Shang-Chi and the Legend of the Ten Rings: considerando la collocazione temporale di Black Widow, è questo il primo, vero film nella fase 4 del Marvel Cinematic Universe.
Non dimentichiamoci i telefilm, ma questo è il primo tassello cinematografico post-Avengers Endgame.
E' anche il tentativo Disney di fare un Wakanda Forever asiatico. 
Se mi avessero detto/non avrei creduto che saremmo arrivati dai piccoli film americani di John Woo ad avere Tony Leung in un film della Disney.
E' letteralmente un nuovo mondo. 
Shag-Chi è uno dei tanti artisti marziali Marvel, il secondo più famoso dopo Iron Fist direi.
NOTA: non è certo un caso che la Marvel a fumetti stia per introdurre un nuovo Iron Fist originale certificato asiatico.
Nella versione cinematografica, Shang-Chi è figlio del Mandarino, nel fumetto è figlio di un diverso super villain marziale cinese; gli amici sceneggiatori hanno svolto alcune brillanti capriole, con alcune trovate strepitosamente simpatiche, per mantenere in continuity il Mandarino visto in Iron Man 3 con questo nuovo, vero Mandarino interpretato da Tony Leung. 
Ah sì: Tony Leung fa il villain.
Simu Liu fa Shang-Chi. Simu Liu non è famoso qui, ma è famosissimo in Canada per una serie tv. 
Altri attori coinvolti nel film: Awkwafina interpreta l'amica-forse interesse romantico del protagonista; Michelle Yeoh interpreata la saggia cinese di mezza età che ancora sa spaccare culi, mi sono rifiutato di contare il numero di volte in cui abbia interpretato questo personaggio negli ultimi anni in America. 

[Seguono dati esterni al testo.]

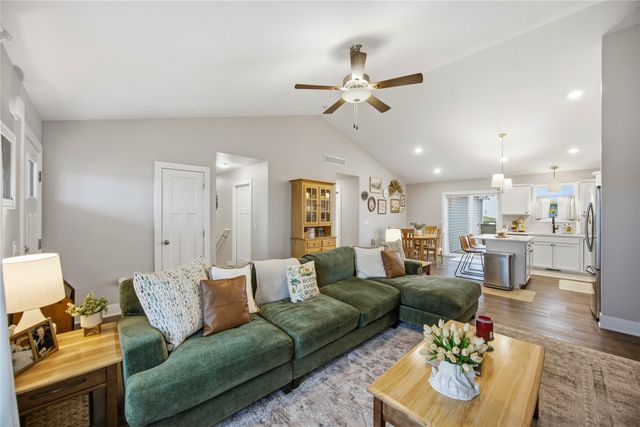 2713 8th Avenue SW, Altoona, IA 50009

Gli altri attori coinvolti saranno citati dopo lo spoiler wall. 
Torniamo a noi: Tony Leung è il Mandarino e possiede i suoi classici 10 anelli che, qui, sono stati molto (MOLTO) depotenziati. In questa versione sono un'arma magica buona giusto per qualche scena alla Dynasty Warriors.
Succedono cose... Shang-Chi e il padre si trovano contrapposti su come gestire il lutto per la morte della madre/moglie. Nel mezzo c'è un mistico villaggio cinese di super artisti marziali. 
La prima metà è molto buona: la rappresentazione degli asiatici-americani è qualcosa di moda ma ancora relativamente poco abusata, il risultato è una serie di situazioni divertenti e fresche, insieme ad alcuni notevoli, davvero ben realizzati combattimenti marziali. 
Arriverei a dire siano i migliori combattimenti marziali americani mai realizzati tra quelli che usano effetti speciali. 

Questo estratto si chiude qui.